Ms. French Gates said any further questions about Mr. Gates’s relationship with Epstein are for Mr. Gates to answer.
“Meeting with Epstein was a mistake that I regret deeply. It was a substantial error in judgment,” Mr. Gates said in a statement from his spokeswoman Thursday. He said he remains dedicated to his work at the Gates Foundation in partnership with Ms. French Gates.
During the CBS interview, Ms. French Gates acknowledged her hurt, anger and pain during and since the divorce. She also addressed an affair Mr. Gates had in 2000, saying she believes in forgiveness. Asked whether Mr. Gates had multiple affairs, she said he would need to answer those questions.
“It wasn’t one moment or one specific thing that happened,” Ms. French Gates said. “There just came a point in time where there was enough there that I realized it just wasn’t healthy and I couldn’t trust what we had.”
Mr. Gates said in a statement Thursday, “I will always be sorry for the pain that I caused Melinda and our family. I admire Melinda and everything she does to improve the lives of women and girls around the world, and I’m grateful for the work we continue to do together at our foundation.”
A 2019 letter from a Microsoft employee about her past affair with Mr. Gates led some board members to investigate the matter, the Journal has reported. Mr. Gates resigned from the board amid that probe. A spokeswoman for Mr. Gates has said that he had an affair almost 20 years ago and that his decision to leave the Microsoft board in 2020 wasn’t related to the matter.
Ms. French Gates also said the two still have a working relationship and remain co-chairs of the Bill & Melinda Gates Foundation, one of the world’s largest philanthropies with an endowment of more than $50 billion. The Gates Foundation recently named new board members, adding outsiders for the first time as part of efforts to boost the organization’s governance and independence.
“I believe in that institution. I believe in what we do. My values are baked into that institution,” Ms. French Gates said in the interview. She said that she would sometimes be in tears in the run-up to online Foundation meetings but that rose to the occasion, adding that she and Mr. Gates can continue to do that.

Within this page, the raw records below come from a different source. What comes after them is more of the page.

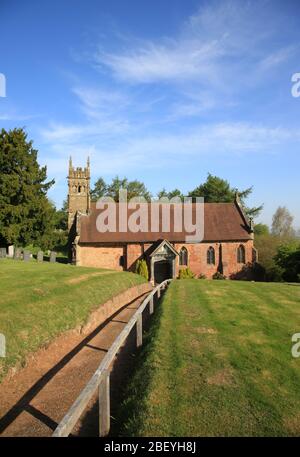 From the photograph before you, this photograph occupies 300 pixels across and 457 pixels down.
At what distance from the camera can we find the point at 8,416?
7.58 meters

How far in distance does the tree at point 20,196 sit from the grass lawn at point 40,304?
16.6m

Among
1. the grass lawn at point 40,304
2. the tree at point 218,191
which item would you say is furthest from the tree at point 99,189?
the grass lawn at point 40,304

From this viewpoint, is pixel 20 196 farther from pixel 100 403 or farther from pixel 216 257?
pixel 100 403

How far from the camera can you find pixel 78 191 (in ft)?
146

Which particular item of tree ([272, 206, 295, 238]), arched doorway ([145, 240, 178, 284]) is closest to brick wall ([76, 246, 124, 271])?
arched doorway ([145, 240, 178, 284])

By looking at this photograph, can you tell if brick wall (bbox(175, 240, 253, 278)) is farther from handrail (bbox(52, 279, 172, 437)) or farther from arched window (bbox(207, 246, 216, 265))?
handrail (bbox(52, 279, 172, 437))

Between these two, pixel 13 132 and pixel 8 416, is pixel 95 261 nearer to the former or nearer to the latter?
pixel 13 132

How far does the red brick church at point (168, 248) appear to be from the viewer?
3697 cm

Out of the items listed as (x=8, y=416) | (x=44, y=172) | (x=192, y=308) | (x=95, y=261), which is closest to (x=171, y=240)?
(x=95, y=261)

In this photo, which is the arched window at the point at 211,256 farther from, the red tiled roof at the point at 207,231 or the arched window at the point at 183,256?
the arched window at the point at 183,256

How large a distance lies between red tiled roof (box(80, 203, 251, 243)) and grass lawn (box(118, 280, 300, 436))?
24.6 metres

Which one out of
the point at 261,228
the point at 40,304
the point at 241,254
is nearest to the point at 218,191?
the point at 261,228

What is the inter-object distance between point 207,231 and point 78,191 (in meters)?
17.7

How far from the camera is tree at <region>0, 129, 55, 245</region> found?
3541 cm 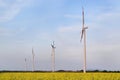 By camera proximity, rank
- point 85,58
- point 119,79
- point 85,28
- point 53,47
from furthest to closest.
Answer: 1. point 53,47
2. point 85,28
3. point 85,58
4. point 119,79

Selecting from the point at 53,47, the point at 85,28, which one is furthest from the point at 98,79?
the point at 53,47

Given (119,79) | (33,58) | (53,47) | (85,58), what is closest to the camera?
(119,79)

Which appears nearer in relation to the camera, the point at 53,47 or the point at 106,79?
the point at 106,79

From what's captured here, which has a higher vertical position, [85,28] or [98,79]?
[85,28]

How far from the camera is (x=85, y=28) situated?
192 ft

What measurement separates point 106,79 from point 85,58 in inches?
750

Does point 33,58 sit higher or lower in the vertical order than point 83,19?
lower

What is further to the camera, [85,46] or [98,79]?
[85,46]

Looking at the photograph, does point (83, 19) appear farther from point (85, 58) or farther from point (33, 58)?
point (33, 58)

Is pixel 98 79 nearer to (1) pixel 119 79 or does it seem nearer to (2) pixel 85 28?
(1) pixel 119 79

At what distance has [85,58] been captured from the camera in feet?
167

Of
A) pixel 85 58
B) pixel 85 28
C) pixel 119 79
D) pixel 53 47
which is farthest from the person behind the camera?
pixel 53 47

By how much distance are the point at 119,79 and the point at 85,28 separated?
1081 inches

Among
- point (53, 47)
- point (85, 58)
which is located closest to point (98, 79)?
point (85, 58) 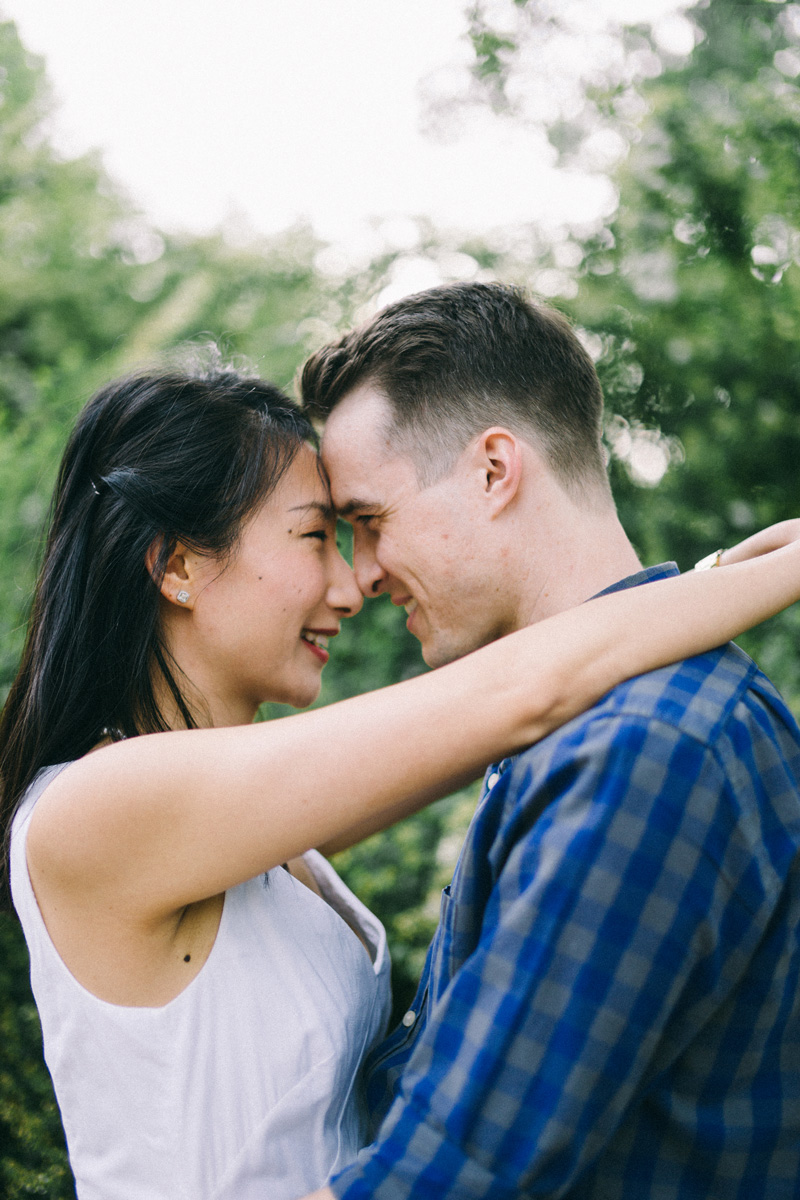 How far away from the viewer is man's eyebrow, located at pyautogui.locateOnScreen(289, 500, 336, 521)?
2245 mm

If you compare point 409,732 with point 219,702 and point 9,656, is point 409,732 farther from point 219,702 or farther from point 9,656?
point 9,656

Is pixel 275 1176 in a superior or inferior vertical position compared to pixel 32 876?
inferior

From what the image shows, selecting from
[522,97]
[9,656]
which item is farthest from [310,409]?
[522,97]

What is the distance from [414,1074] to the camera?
137 centimetres

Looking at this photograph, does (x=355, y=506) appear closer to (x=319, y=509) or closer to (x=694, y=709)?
(x=319, y=509)

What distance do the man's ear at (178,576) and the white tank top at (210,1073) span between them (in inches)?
20.2

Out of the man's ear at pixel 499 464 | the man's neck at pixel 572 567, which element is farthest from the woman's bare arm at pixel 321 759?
the man's ear at pixel 499 464

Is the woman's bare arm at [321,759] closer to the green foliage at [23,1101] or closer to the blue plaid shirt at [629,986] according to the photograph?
the blue plaid shirt at [629,986]

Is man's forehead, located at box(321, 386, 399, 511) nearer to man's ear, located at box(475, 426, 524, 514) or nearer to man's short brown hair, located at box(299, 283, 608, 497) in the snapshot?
man's short brown hair, located at box(299, 283, 608, 497)

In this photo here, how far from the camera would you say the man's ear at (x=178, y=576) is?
211 centimetres

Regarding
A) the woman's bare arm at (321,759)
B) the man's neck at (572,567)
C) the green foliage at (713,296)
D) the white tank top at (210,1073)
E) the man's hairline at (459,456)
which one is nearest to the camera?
the woman's bare arm at (321,759)

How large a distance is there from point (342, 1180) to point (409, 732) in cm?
71

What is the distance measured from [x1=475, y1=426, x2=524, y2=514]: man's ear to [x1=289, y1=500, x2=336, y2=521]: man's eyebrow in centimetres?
45

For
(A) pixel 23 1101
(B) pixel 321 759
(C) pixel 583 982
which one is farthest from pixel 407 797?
(A) pixel 23 1101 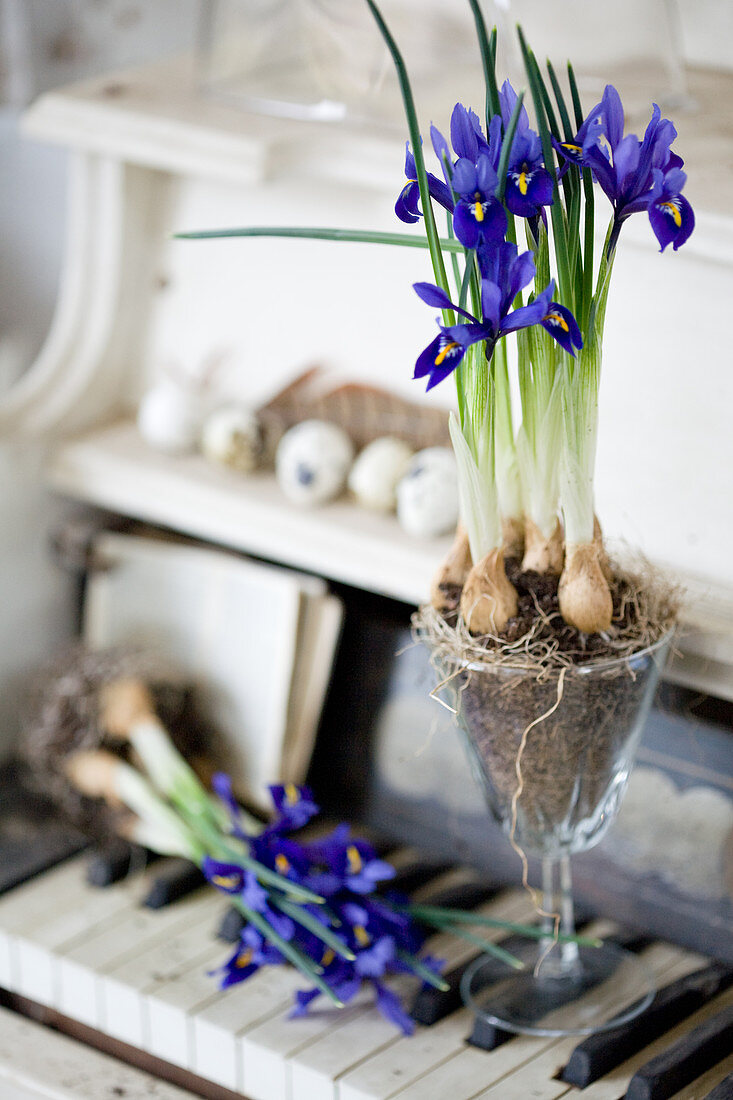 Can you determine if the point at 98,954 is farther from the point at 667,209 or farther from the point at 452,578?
the point at 667,209

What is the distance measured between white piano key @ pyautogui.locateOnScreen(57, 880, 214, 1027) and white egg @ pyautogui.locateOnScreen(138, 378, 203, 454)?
0.44 meters

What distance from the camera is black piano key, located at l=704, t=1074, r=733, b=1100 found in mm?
845

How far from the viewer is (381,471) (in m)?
1.10

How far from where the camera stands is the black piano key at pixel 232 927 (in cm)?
107

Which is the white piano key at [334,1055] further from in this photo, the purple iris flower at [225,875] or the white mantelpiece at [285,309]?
the white mantelpiece at [285,309]

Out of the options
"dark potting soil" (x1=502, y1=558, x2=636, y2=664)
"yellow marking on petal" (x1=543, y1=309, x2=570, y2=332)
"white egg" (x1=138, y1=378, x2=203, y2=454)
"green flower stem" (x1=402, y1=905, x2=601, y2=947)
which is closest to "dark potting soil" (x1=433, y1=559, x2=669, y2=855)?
"dark potting soil" (x1=502, y1=558, x2=636, y2=664)

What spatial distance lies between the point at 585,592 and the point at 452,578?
0.33 feet

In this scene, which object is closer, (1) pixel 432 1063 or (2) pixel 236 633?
(1) pixel 432 1063

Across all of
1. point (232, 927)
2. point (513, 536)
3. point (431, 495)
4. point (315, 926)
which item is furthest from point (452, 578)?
point (232, 927)

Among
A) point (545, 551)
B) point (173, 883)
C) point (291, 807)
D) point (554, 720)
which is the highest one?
point (545, 551)

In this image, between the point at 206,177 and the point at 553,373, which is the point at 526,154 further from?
the point at 206,177

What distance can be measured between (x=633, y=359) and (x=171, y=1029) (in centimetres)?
65

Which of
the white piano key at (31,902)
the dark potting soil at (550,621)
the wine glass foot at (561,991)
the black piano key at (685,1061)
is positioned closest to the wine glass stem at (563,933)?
the wine glass foot at (561,991)

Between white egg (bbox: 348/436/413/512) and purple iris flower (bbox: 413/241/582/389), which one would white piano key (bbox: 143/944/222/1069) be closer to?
white egg (bbox: 348/436/413/512) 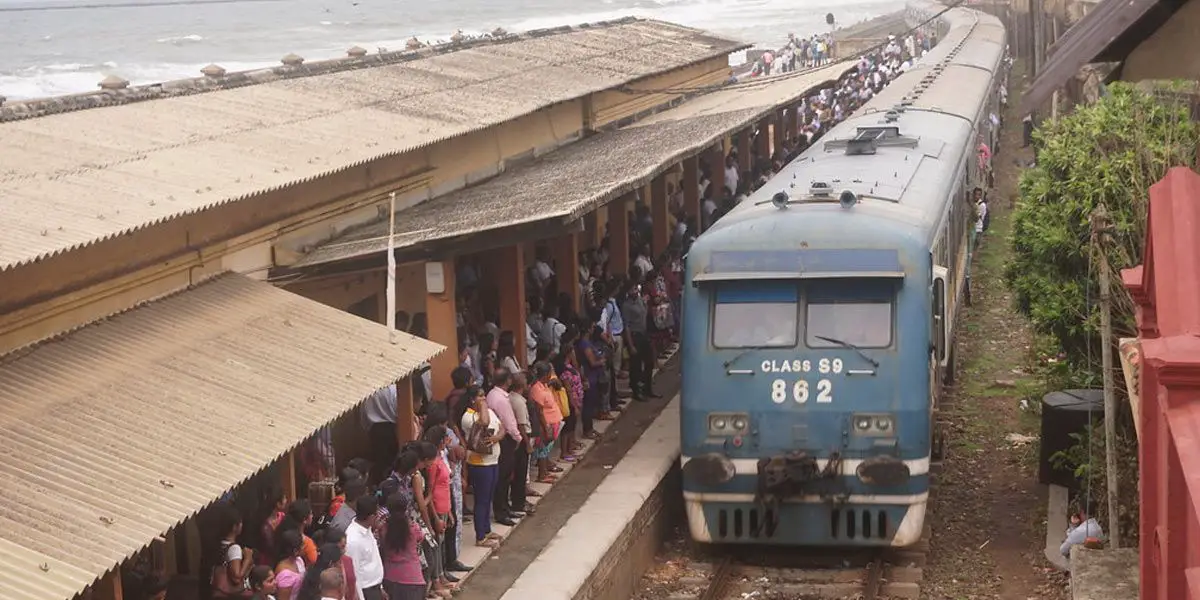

The foundation said in July that if either of the co-chairs decides after two years that they can no longer lead the foundation together, Ms. French Gates would resign as co-chair and trustee, according to terms of a private agreement in their divorce. Should that happen, she would receive funds from Mr. Gates for her own philanthropic work that are separate from the foundation’s endowment.
“We certainly have a working relationship,” Ms. French Gates told CBS. “I would say we’re friendly at this point.”
Ms. French Gates issued a new philanthropic pledge late last year, recommitting to giving away the bulk of her wealth but without specifying that it would go solely to the Gates Foundation. In that letter she also cited her own firm, Pivotal Ventures, which focuses on issues affecting women and families.
“I do believe that if you are lucky enough to be a billionaire, believe me, you can give away half of it and not change your life,” she told CBS.